What is required: Write out the listing below exactly, and omit any images you find in it.

The data:
================================
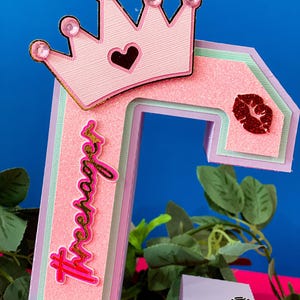 Puede incluir: Una letra 'T' de cart&oacute;n en capas de color rosa y verde con una corona rosa con purpurina dorada y un coraz&oacute;n rojo en la parte superior. La letra tiene la palabra 'teenager' escrita en purpurina dorada. La letra est&aacute; decorada con un labio rojo de purpurina y una bola de discoteca rosa y blanca.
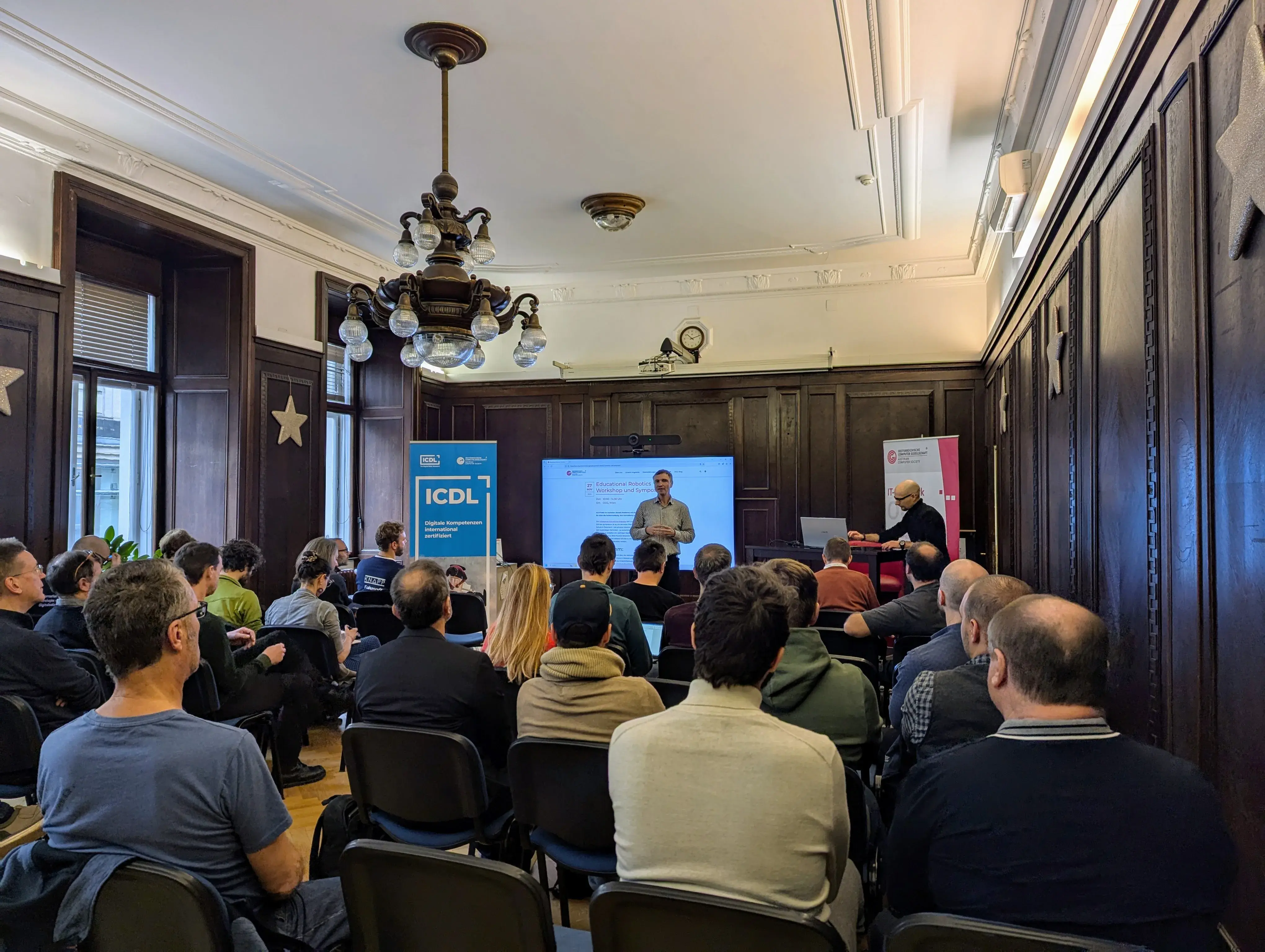 Ronald Bieber begrüßt die Teilnehmer*innen des Symposiums Educational Robotic im Heinz Zemanek Saal der OCG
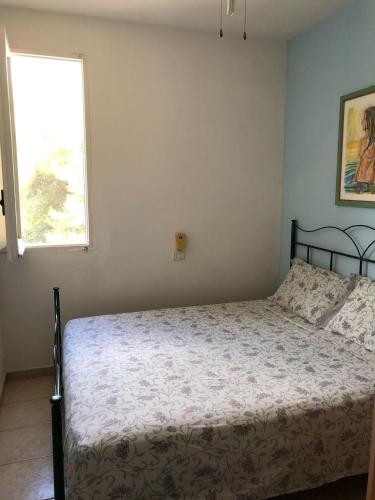 a bedroom with a bed and a window at La Punticeddha Apartment in SantʼAndrea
================================
Answer:
 Puede incluir: Una letra 'T' de cart&oacute;n en capas de color rosa y verde con una corona rosa con purpurina dorada y un coraz&oacute;n rojo en la parte superior. La letra tiene la palabra 'teenager' escrita en purpurina dorada. La letra est&aacute; decorada con un labio rojo de purpurina y una bola de discoteca rosa y blanca.
 Ronald Bieber begrüßt die Teilnehmer*innen des Symposiums Educational Robotic im Heinz Zemanek Saal der OCG
 a bedroom with a bed and a window at La Punticeddha Apartment in SantʼAndrea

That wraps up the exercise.